** DATASET RECORDS follows **

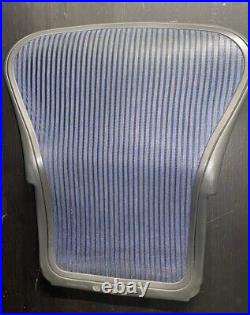 Size A Back Seat Frame Herman Miller Blue Mesh Aeron Classic replacement OEM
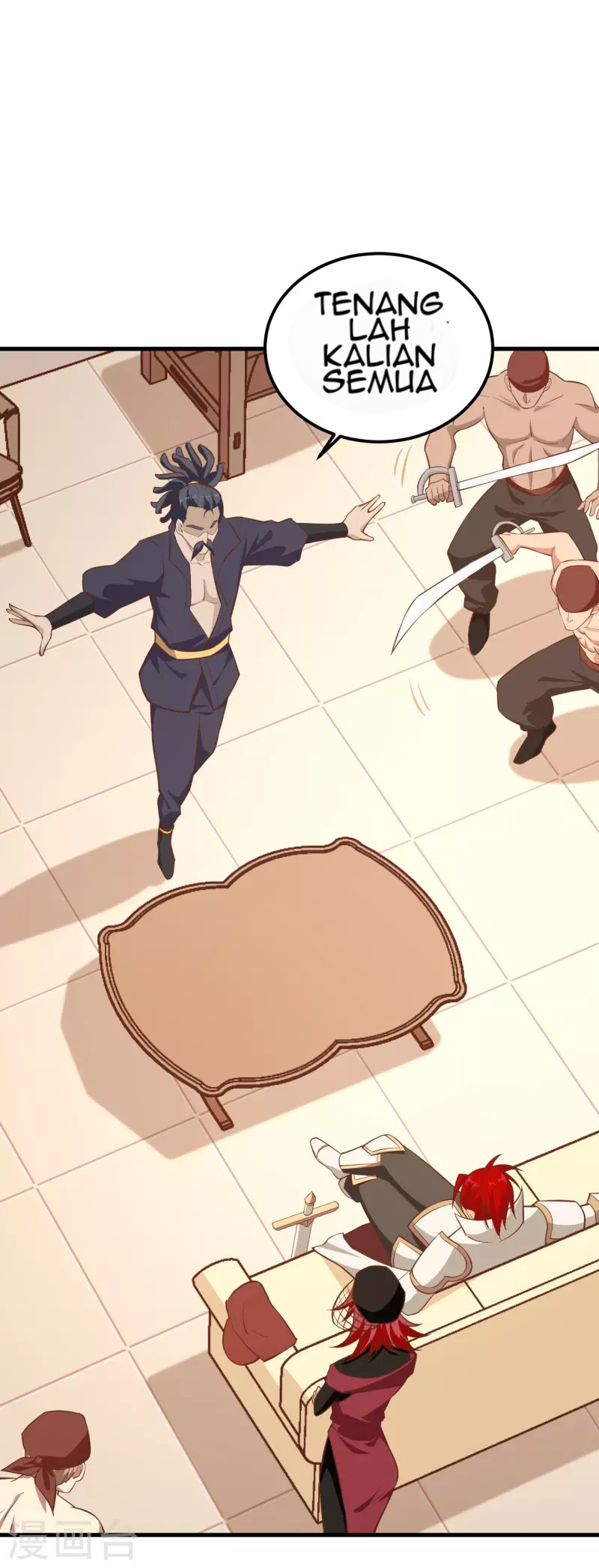 To Be The Castellan King Chapter 225 Gambar 14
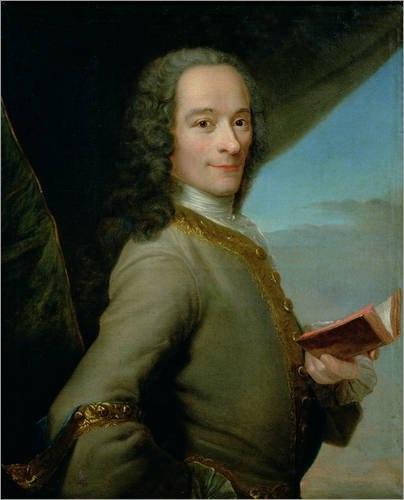 Portrait of Voltaire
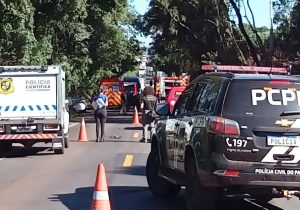 Tragédia na PR-158: Acidente com veículo da Saúde deixa quatro mortos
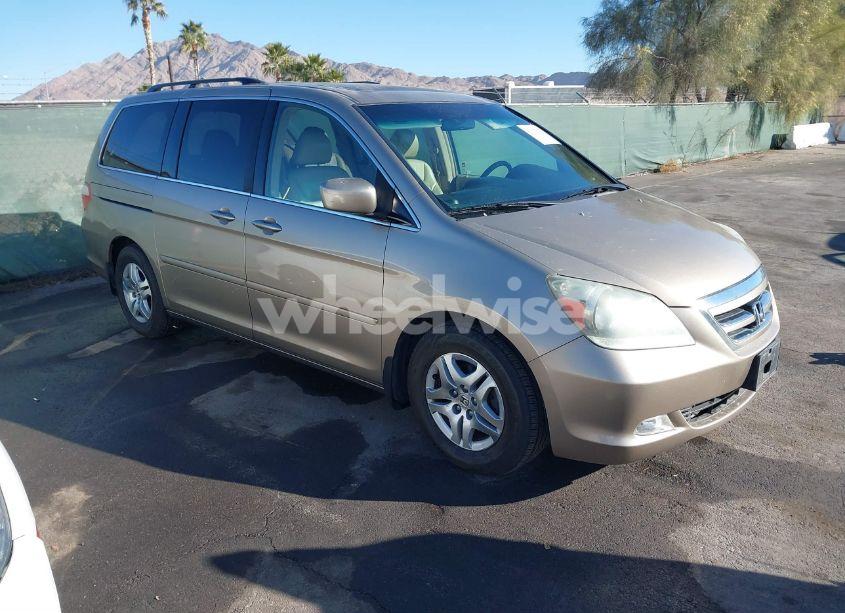 2006 Honda Odyssey EX-L (VIN 5FNRL38666B042711) main photo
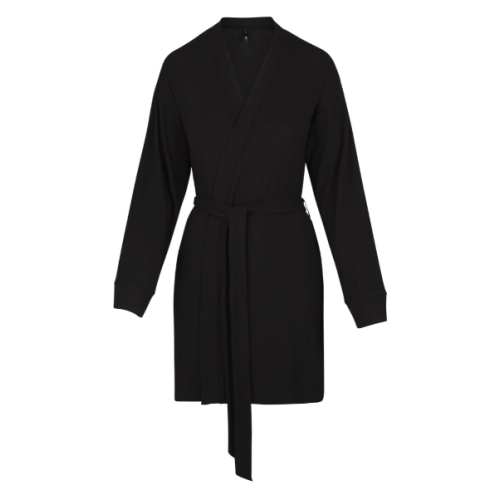 SOFT LOUNGE ROBE | ONYX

** End of DATASET RECORDS **

### TRY IT
Give back the full listing above word for word, and let no picture through.

### REPLY
 Size A Back Seat Frame Herman Miller Blue Mesh Aeron Classic replacement OEM
 To Be The Castellan King Chapter 225 Gambar 14
 Portrait of Voltaire
 Tragédia na PR-158: Acidente com veículo da Saúde deixa quatro mortos
 2006 Honda Odyssey EX-L (VIN 5FNRL38666B042711) main photo
 SOFT LOUNGE ROBE | ONYX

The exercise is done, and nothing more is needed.